*WHAT IS NEEDED:*
Leaving the pictures aside, repeat every line below exactly.

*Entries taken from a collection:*
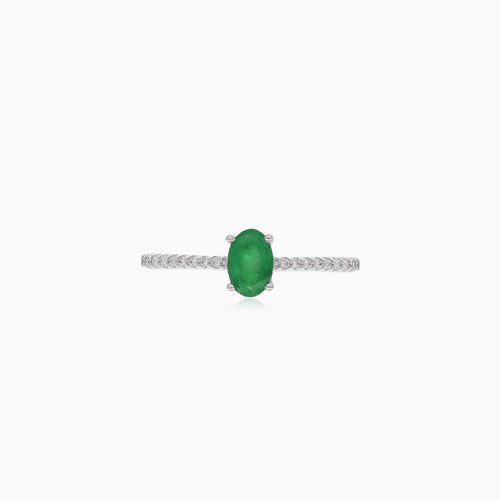 Klassischer Ring aus Weißgold mit Diamant und Smaragd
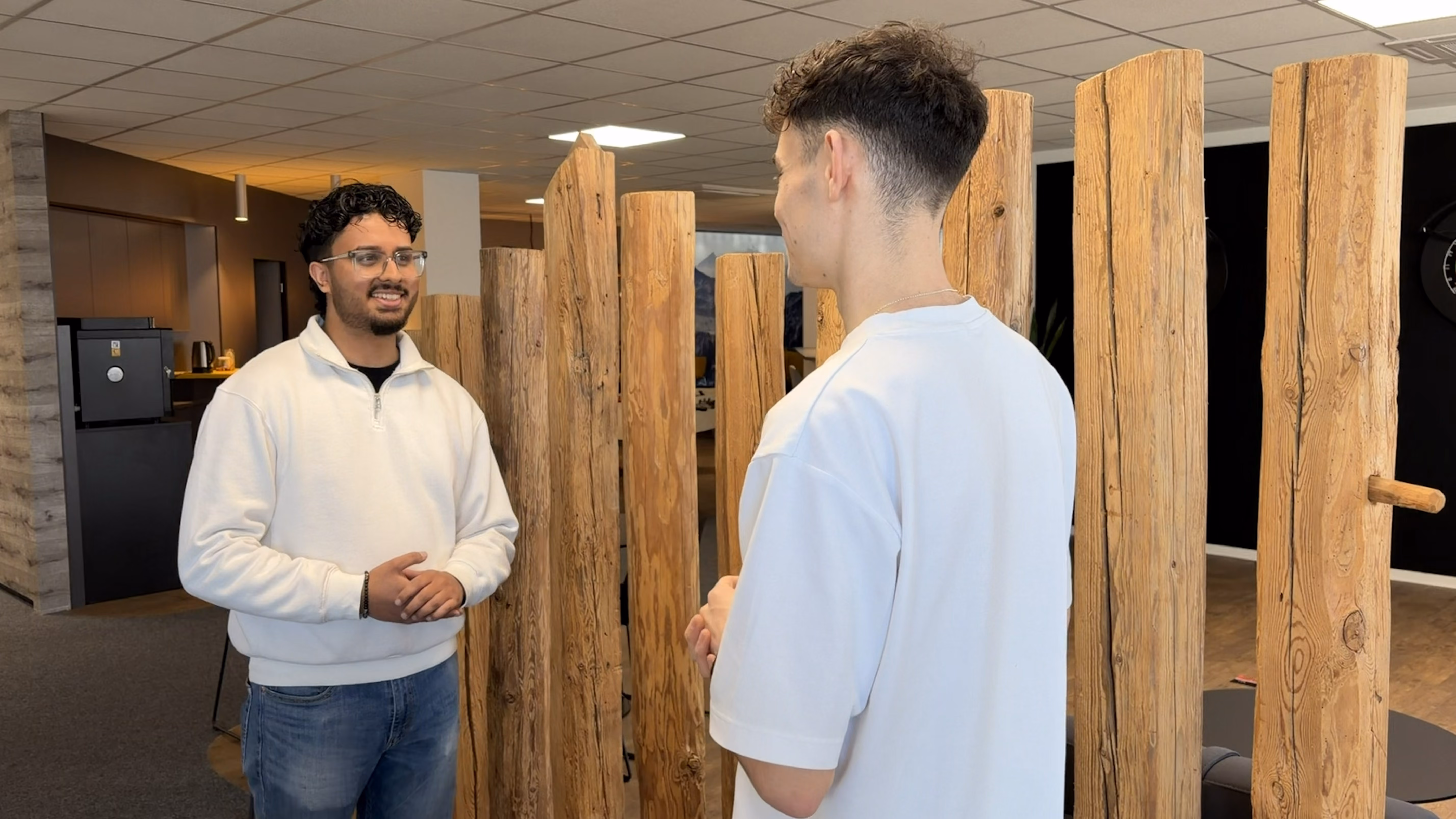 Zwei Männer im Gespräch - Bildmotiv für die Seite zur Karriere im Dualen Studium bei Innovabee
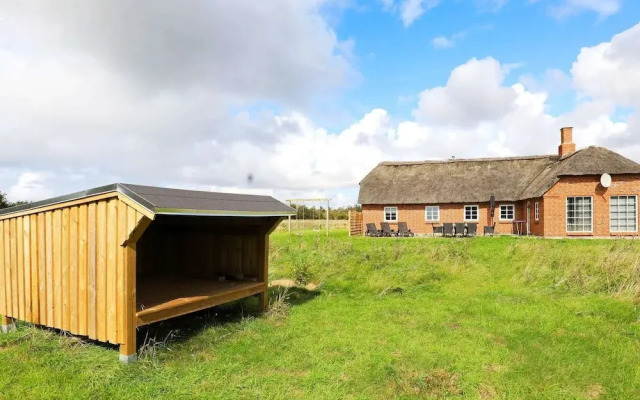 8 Person Holiday Home in Ulfborg-by Traum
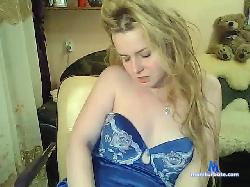 HollyPretty bongacams live cam performer profile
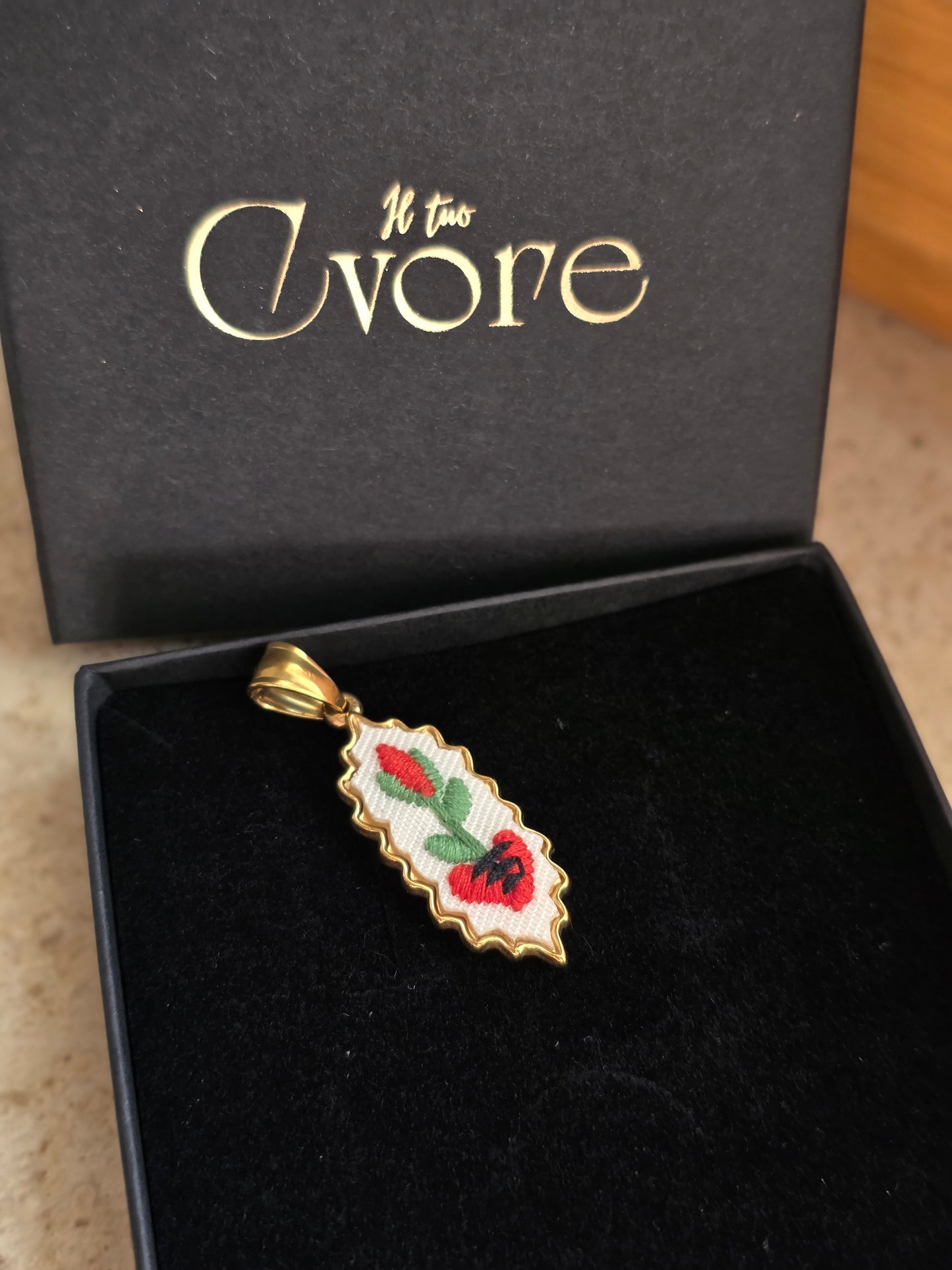 Charm Fiore Sacro Ricamo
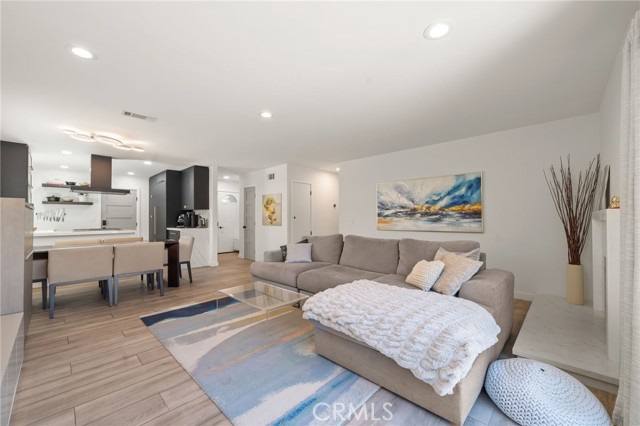 Detail Gallery Image 7 of 37 For 5330 Kirtland, Lakewood,  CA 90713 - 4 Beds | 2 Baths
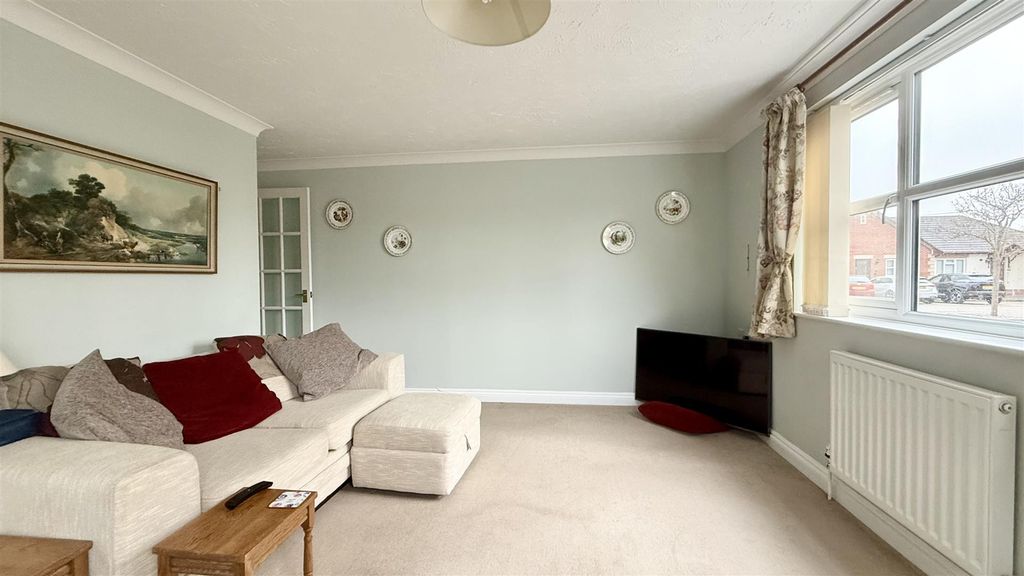 Property photo 2 of 8 Img_8123.Jpg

*RESULT OF THIS TASK:*
 Klassischer Ring aus Weißgold mit Diamant und Smaragd
 Zwei Männer im Gespräch - Bildmotiv für die Seite zur Karriere im Dualen Studium bei Innovabee
 8 Person Holiday Home in Ulfborg-by Traum
 HollyPretty bongacams live cam performer profile
 Charm Fiore Sacro Ricamo
 Detail Gallery Image 7 of 37 For 5330 Kirtland, Lakewood,  CA 90713 - 4 Beds | 2 Baths
 Property photo 2 of 8 Img_8123.Jpg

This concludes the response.